We have not acted because there has been a campaign waged by fossil fuel interests for decades to discredit the science to hire front groups and experts who will advocate against taking action attacking renewable energy.
Fossil fuel companies help elect politicians, almost always on the Republican side of the aisle, politicians who are willing to do the bidding of the fossil fuel industry rather than what’s right for the people they’re supposed to represent. And we’ve called that the climate wars. Four years ago, I testified to a House committee hearing.

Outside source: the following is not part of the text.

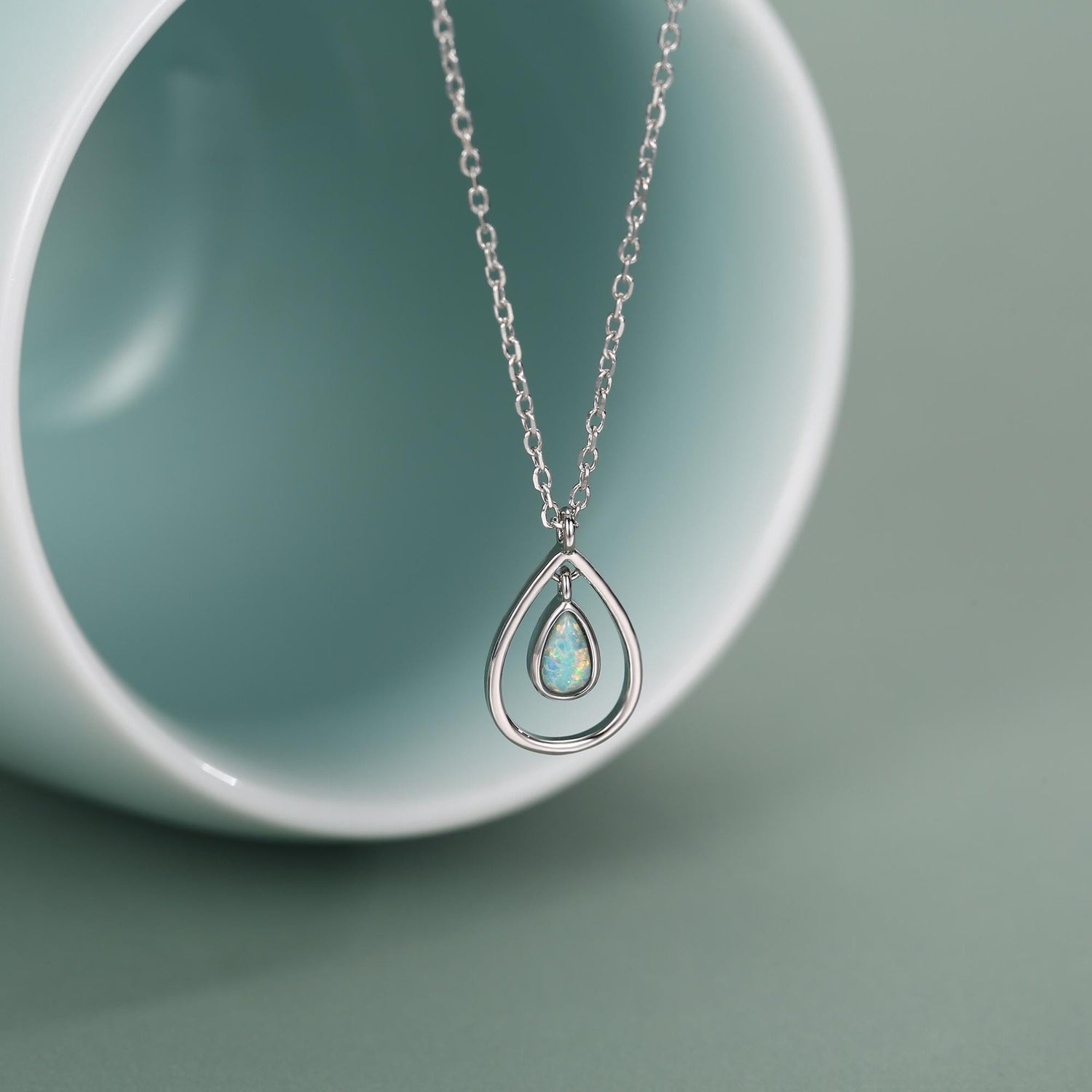 Sterling Silver Teardrop Aqua Opal Pendant Necklace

This was a hearing of the house science committee chaired by Lamar Smith. Again, the Republicans controlled both the house and the Senate at that time. Lamar Smith was the Republican chair of that committee from Texas, a climate change denier, one of the largest recipients of fossil fuel money in the US House of Representatives. There were three climate change contrarians invited by the majority: the Republicans and one witness for the Democrats. That was me.

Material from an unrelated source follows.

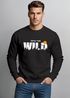 Sweatshirt Herren Brustprint Bedruckt Into The Wild Schriftzug Outdoor Fashion Rundhals-Pullover Neverless®preview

The thing is, four years later, the evidence becomes so obvious that politicians like Lamar Smith can no longer claim that climate change is a hoax. Of course, that’s not happening, but they’re still advocating for the fossil fuel industry, doing everything they can to prevent us from moving on from moving away from fossil fuels towards renewable energy.
Denial and deflection
and It’s about the tactics that they’re now using: soft denial. “Well, we’re not denying that climate change is happening. We just don’t think it’s nearly as bad as those scientists are saying.”
There’s a whole sort of coterie now of individuals who pct as promoters of this sort of soft denialism. “Yeah. Climate change, we accept the science but don’t call us climate change deniers. We accept the science, but the impacts aren’t going to be a problem. We can just adapt to them,” they say.
The problem isn’t technology, it’s having the political will. It’s the political solution to this problem. So we can solve the problem.
The fossil fuel companies use denial and deflection. This series of words begin with “D” and describe the different tactics in the new climate war deflection.
We can have policies like carbon pricing, incentives, renewable energy, and blocking new fossil fuel infrastructure. They didn’t want to — any of those things that would hurt their profits. So once again, they’ve tried to convince us that the problem is us. It’s just a matter of individual lifestyle change.
We have a crisis on our hands, but we can do something about it. The climate crisis is more deadly than the COVID-19 crisis.
The climate crisis is already more deadly than the coronavirus crisis. Far more lives will be lost due to climate inaction than were lost due to the pandemic if we fail to take meaningful action.
We need politicians once again who are willing to do what’s right for us. These days, that’s almost the Democratic party. There’s only one party in this country that recognizes the climate crisis. So you’ve got to vote for Democrats, and you’ve got to help the Pima county Democrats and Arizona Democrats because this is truly a battleground state.
So we have to accelerate the transition that’s already underway, and that means policies. That means carbon pricing. That means renewable energy standards, as Democrats are arguing, need to be in this new stimulus package. This infrastructure package means blocking new fossil fuel infrastructure.
It’s up to us. And this truly is our moment.